Is it correct to say that a loop is null homotopic iff it can be contained in a single (simply connected) chart? That is, for a loop $\gamma(t)$ based at $p$, there's a chart $(\phi, U)$ such that $U$ is simply connected and $\gamma$ is within the domain of $\phi$.
It seems like a reasonable enough assumption, since the contraction of $\gamma$ to a point, and possibly slight deformations of the surface generated to be the correct number of dimensions, would be homeomorphic to a ball, but I am not quite sure how to prove this.

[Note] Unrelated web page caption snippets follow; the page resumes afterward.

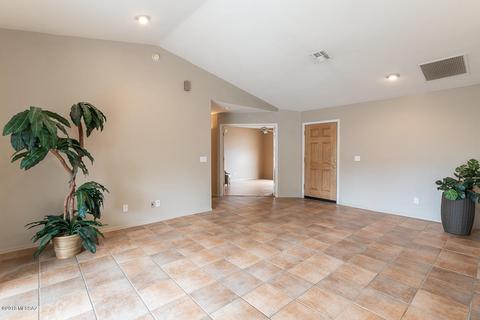 1340 E Mountain Pl, Tucson, AZ 85719 photo 4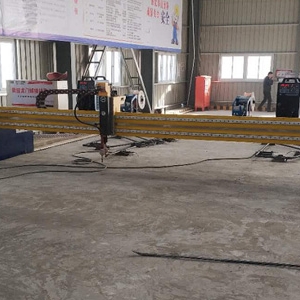 龍門(mén)式焊接機器人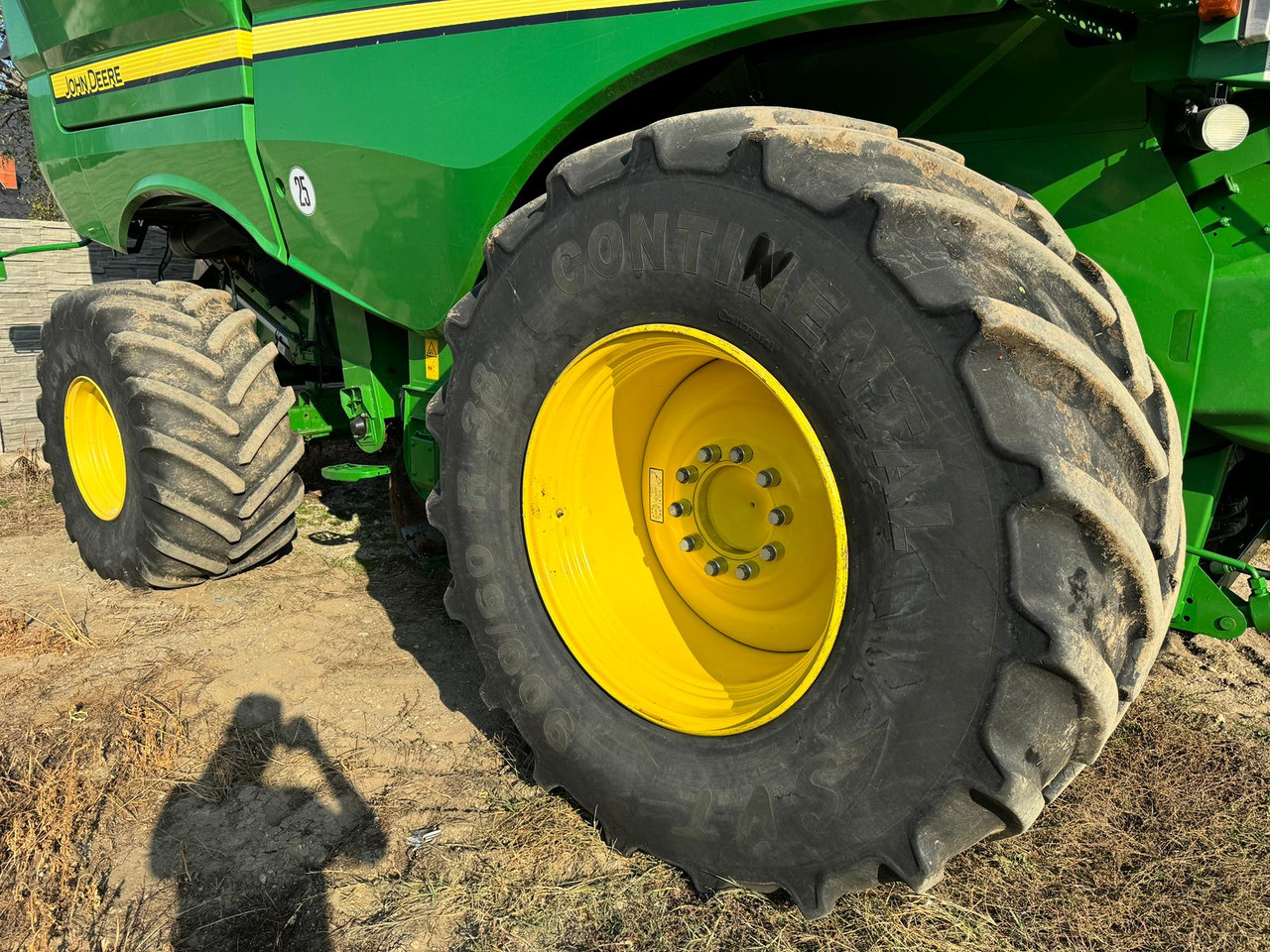 John Deere S680i combine + 635X Header + Zurn trailer - Autokombajnë: foto 3 John Deere S680i combine + 635X Header + Zurn trailer - Autokombajnë: foto 3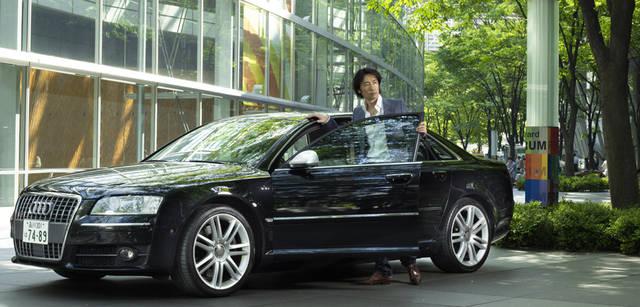 Audi S8｜アウディ S8 × 東儀秀樹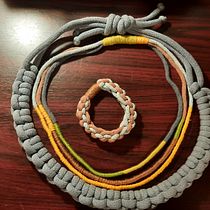 My project for course: Rope Jewelry for Beginners: Make Your Own Necklaces. Un progetto di Artigianato, Design di gioielli, Macramè e Textile Design di Līga Šveca - 09.07.2023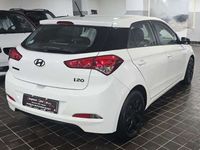 Usata Hyundai i20 75 CV (55 kW) 2016 Alpine white Berlina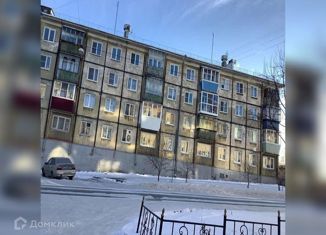 Продаю трехкомнатную квартиру, 55 м2, Челябинская область, улица Блюхера, 21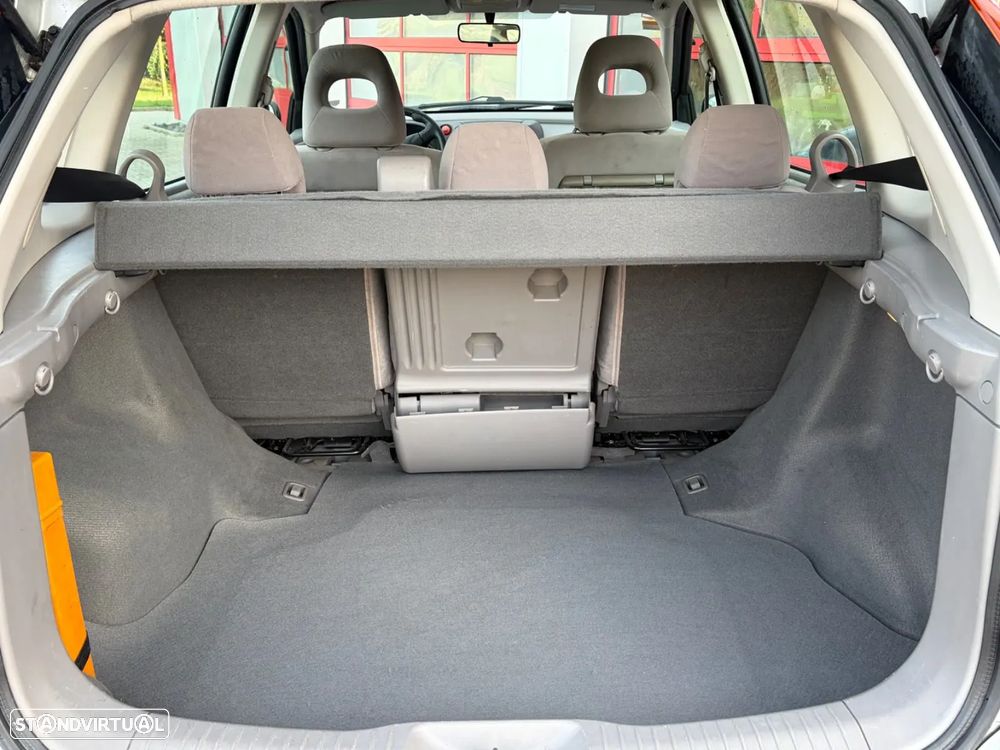 Nissan Almera Tino - 10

The statement a loop is null-homotopic iff it is contained in a simply-connected chart is wrong. For example consider the following loop $\gamma(t) = e^{it}$ if $0 \leq t \leq 2 \pi$ and $\gamma(t) = e^{-it}$ if $2\pi \leq t \leq 4 \pi$. This loop is covering all $S^1$ but is not contained in a single chart since $S^1$ can't be homeomorphic to $\mathbb R^1$. It is clearly null-homotopic since by definition this is $a - a = 0$ where $a$ is the positive generator of $\pi_1(S^1)$.
The statement a loop is null-homotopic iff it is homotopic to a loop contained in a simply-connected chart is true but a bit tautological : by hypothesis the loop is homotopic to the constant loop which is certainly contained in a simply-connected chart.